Regime demands leader-to-leader communications before granting freedom to captives
Prime Minister Justin Trudeau’s decision to dispatch an envoy was key to securing the release of a Canadian pastor imprisoned in North Korea, says a Canadian with knowledge of the case.
As was first reported in state-run media in North Korea, Daniel Jean, the national security and intelligence adviser to Prime Minister Justin Trudeau, led a delegation to the capital city of Pyongyang to discuss the case of Toronto Presbyterian minister Rev. Hyeon Soo Lim.
The Canadian, who spoke to CBC News and asked not to be identified, said the six-member delegation arrived on Aug. 6. The outcome — Lim’s release — was a certainty from North Korea’s perspective, but Canadian officials were still not sure it was a done deal.
“Right up until the very end, I guess our government did not trust the process,” said the source, who had knowledge of the events leading up to Lim’s release.

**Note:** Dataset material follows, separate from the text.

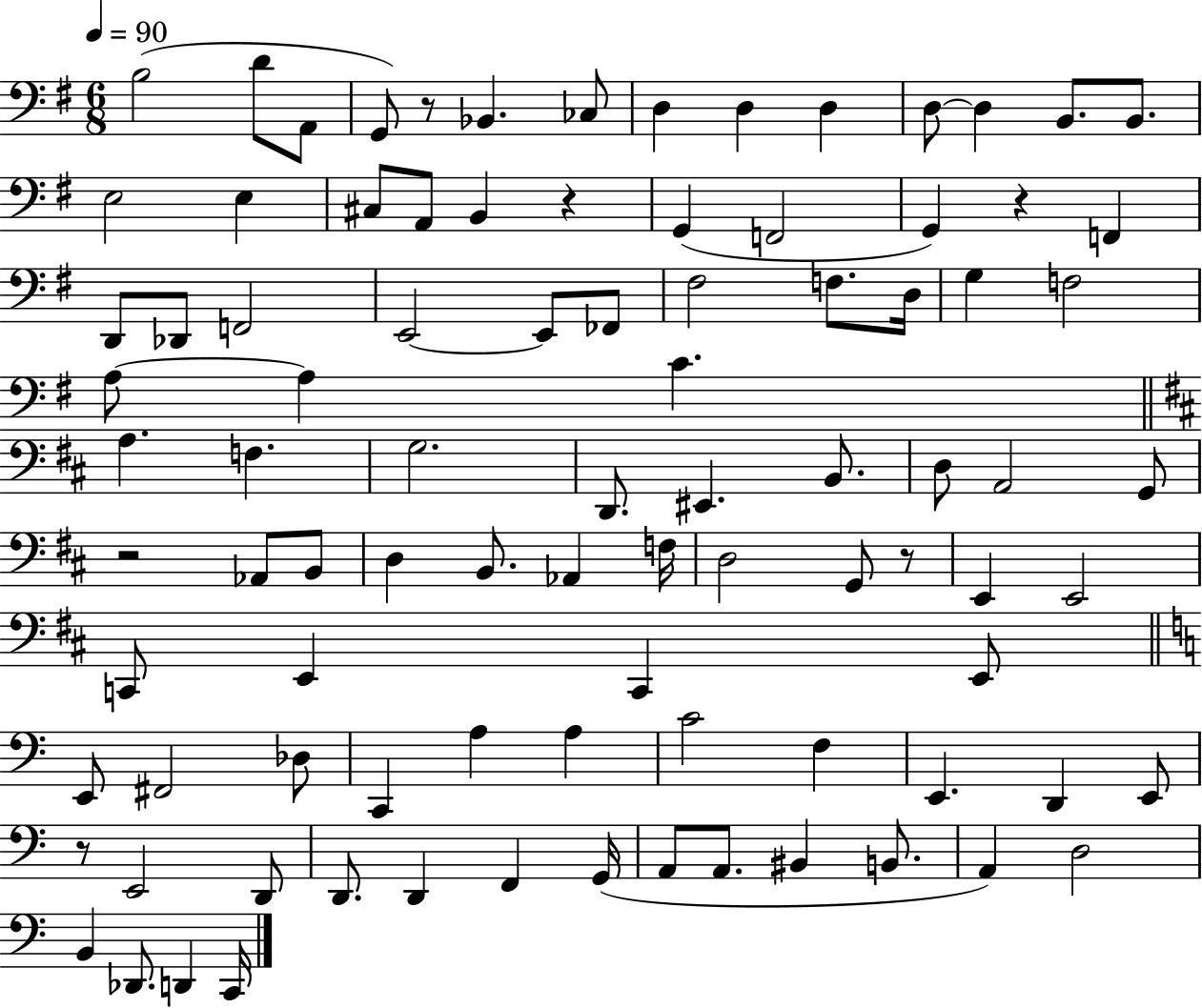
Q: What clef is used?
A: bass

State-run North Korean media reported Lim was freed on “sick bail … from the humanitarian viewpoint.”
Hyeon Soo Lim, also known as Rim Hyon Su, was sentenced to hard labour for life in December 2015 for what North Korea says was an attempt to overthrow the regime. (KNCA/Reuters)
Lim was arrested in February 2015, when the Conservative government of Stephen Harper was in office, and was sentenced in December of that year to a life of hard labour for allegedly trying to overthrow the regime.

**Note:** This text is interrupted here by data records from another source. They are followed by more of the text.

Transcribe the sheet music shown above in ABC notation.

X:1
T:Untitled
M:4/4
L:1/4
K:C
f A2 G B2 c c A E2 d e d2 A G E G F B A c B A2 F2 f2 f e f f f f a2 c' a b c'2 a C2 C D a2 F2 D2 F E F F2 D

The Canadian said the scenario could have played out more simply and swiftly if the federal government had agreed earlier to provide high-level communication. After a foreign national receives a life sentence, only the North Korean Chairman Kim Jong-un can grant clemency according to the Constitution, the source said.
No details confirmed
Officials in the Prime Minister’s Office would not confirm any details about Lim’s release and it is not known when he is expected to arrive in Canada.
Lim’s release comes after Otto Warmbier, a 22-year-old U.S. student, died one week after his release from North Korea after 17 months in prison. He returned in a coma, and his family believes he was tortured and left in a vegetative state.
North Korea released another foreign prisoner, U.S. tourist Otto Warmbier, in June, though he died just days later. (Kim Kwang Hyon/Associated Press)
Jack Kim, special adviser for HanVoice, a group that advocates for human rights in North Korea, said the timing of Lim’s release could be related to the Warmbier case as well as the pastor’s reported ailing health. North Korea holds all the cards, as no Western countries have any leverage with the regime, he said.
North Korea also uses high-profile cases as a domestic propaganda tool, with the visits of leaders of senior officials lending legitimacy to the regime.
“The fact that the North Koreans were the first ones to announce this goes to show they see the propaganda value out of it,” he said.
Lim served at one of the largest churches in Canada, Light Korean Presbyterian Church in Mississauga, Ont.
The 62-year-old, who was born in South Korea, is reportedly in poor health and needs medication to treat high blood pressure.
Conservative Sen. Yonah Martin, who was instrumental in keeping the case before the federal government, welcomed news of the release as a “great relief.”
She agreed recent developments served as a “wake-up call” for Lim’s supporters as well as the authorities holding him.
“I think the death of Otto Warmbier and the failing health of Rev. Lim — and this is my opinion — would give North Korean officials cause to worry,” said Martin. “I’m told by people who do humanitarian work in North Korea that they hold a very positive view of Canada and I always knew in my heart that the release of Rev. Lim was possible.”
While she does not have direct knowledge of the negotiations, Tina Park, executive director of the Toronto-based Canadian Centre for the Responsibility to Protect, does understand Kim Jong-un’s regime and its desire to be taken seriously on the world stage.
And that is a significant dilemma Canadian officials faced.
Treating Jong-un as equal?
Park said they had to ask themselves, in the current high-tension climate: “Are we giving more legitimacy to the North Korean dictator by speaking to his people and treating him as an equal? Her answer to that question is a heavily qualified: “Yes … perhaps.”
But Park argues the life of an important humanitarian hung in the balance.
“I think the prime minister and his advisers did the right thing by stepping up and actually saving someone’s life,” she said.
The release comes as tensions mount between Pyongyang and Washington over North Korea’s missile and nuclear weapons tests. The isolated state said it is considering an attack against the U.S. territory of Guam after U.S. President Donald Trump threatened it with “fire and fury like the world has never seen.”
Lim’s church has said he had visited North Korea more than 100 times since 1997 and helped set up an orphanage and nursing home. Canada does not have an embassy in North Korea, and has advised against all travel there.
Daniel Lee, president of the Korean Canadian Cultural Association, called Lim’s release good news for the community and entire country.
“One of us is coming back home after years of unjust accusations,” he said.